Question

Show that the cube of a positive integer of the form 6q + r, q is an integer and r = 0,1,2,3,4,5 is also of the form 6m + r.

Answer 1

By Euclid’s division algorithm, b = a × q + r, 0 ≤ r < a

Here, b is any positive integer .

Let a be an arbitrary positive integer. Then corresponding to the positive integers ‘a’ and 6, there exist non-negative integers q and r such that

a = 6q + r where 0 ≤ r < 6

Cubing both the sides using (a + b)³ = a³ + b³ + 3ab(a + b)

⇒ a³ = (6q + r)³ = 216q³ + r³ + 3 × 6q × r(6q + r)

⇒ a³ = (216q³ + 108q²r + 18qr²) + r³

where 0 ≤ r < 6

Case I When r = 0 we get a³ = 216q³

⇒ a³ = 6(36q³) ⇒ a³ = 6m + 0 where m = 36q³ is an integer

Case II When r = 1 we get

a³ = (216q³ + 108q² + 18q) + 1

⇒ a³ = 6(36q³ + 18q² + 3q) + 1

⇒ a³ = 6m + 1, where m = (36q³ + 18q² + 3q) is an integer.

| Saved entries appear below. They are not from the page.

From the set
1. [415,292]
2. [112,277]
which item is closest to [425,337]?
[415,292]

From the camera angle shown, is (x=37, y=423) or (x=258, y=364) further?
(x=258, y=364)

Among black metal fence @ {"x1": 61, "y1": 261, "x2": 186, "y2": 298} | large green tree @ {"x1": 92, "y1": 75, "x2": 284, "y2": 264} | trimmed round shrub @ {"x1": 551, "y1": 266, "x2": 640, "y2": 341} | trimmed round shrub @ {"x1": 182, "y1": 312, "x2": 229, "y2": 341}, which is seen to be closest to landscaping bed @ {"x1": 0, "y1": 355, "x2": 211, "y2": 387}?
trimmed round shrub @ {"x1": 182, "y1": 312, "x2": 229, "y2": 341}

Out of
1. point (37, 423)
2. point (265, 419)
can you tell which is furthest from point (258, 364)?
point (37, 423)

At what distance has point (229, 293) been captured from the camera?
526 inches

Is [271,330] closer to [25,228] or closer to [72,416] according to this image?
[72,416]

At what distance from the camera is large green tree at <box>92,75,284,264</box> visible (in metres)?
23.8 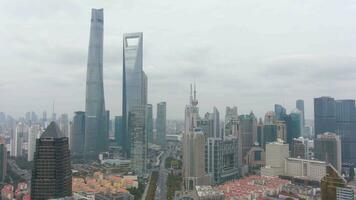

Case III When r = 2 we get

⇒ a³ = 6(36q³ + 36q² + 12q + 1) + 2

⇒ a³ = 6m + 2

where m = (36q³ + 36q² + 12q + 1) is an integer.

Case IV When r = 3 we get

a³ = (216q³ + 324q² + 162q) + 27

⇒ a³ = (216q³ + 324q² + 162q + 24) + 3

⇒ a³ = 6(36q³ + 54q² + 27q + 4) + 3

⇒ a³ = 6m + 3

where m = (36q² + 54q² + 27q + 4) is an integer.

Case V When r = 4 we get

a³ = (216q² + 432q² + 288q) + 64

⇒ a³ = 6(36q³ + 72q² + 48q) + 60 + 4

⇒ a³ = 6(36q³ + 72q² + 48q + 10) + 4

⇒ a³ = 6m + 4

where m = (36q³ + 72q² + 48q + 10) is an integer.

Case VI When r = 5 we get

a³ = (216q³ + 540q² + 450q) + 120 + 5

⇒ a³ = 6(36q³ + 90q² + 75q + 20) + 5

⇒ a³ = 6m + 5

where m = (36q³ + 90q² + 75q + 20) + 5

Hence, the cube of a positive integer of the form 6q + r, q, is an integer and r = 0,1,2,3,4,5 is also of the forms 6m, 6m + 1, 6m + 2, 6m + 3,6m + 4 and 6m + 5i.e., 6m + r.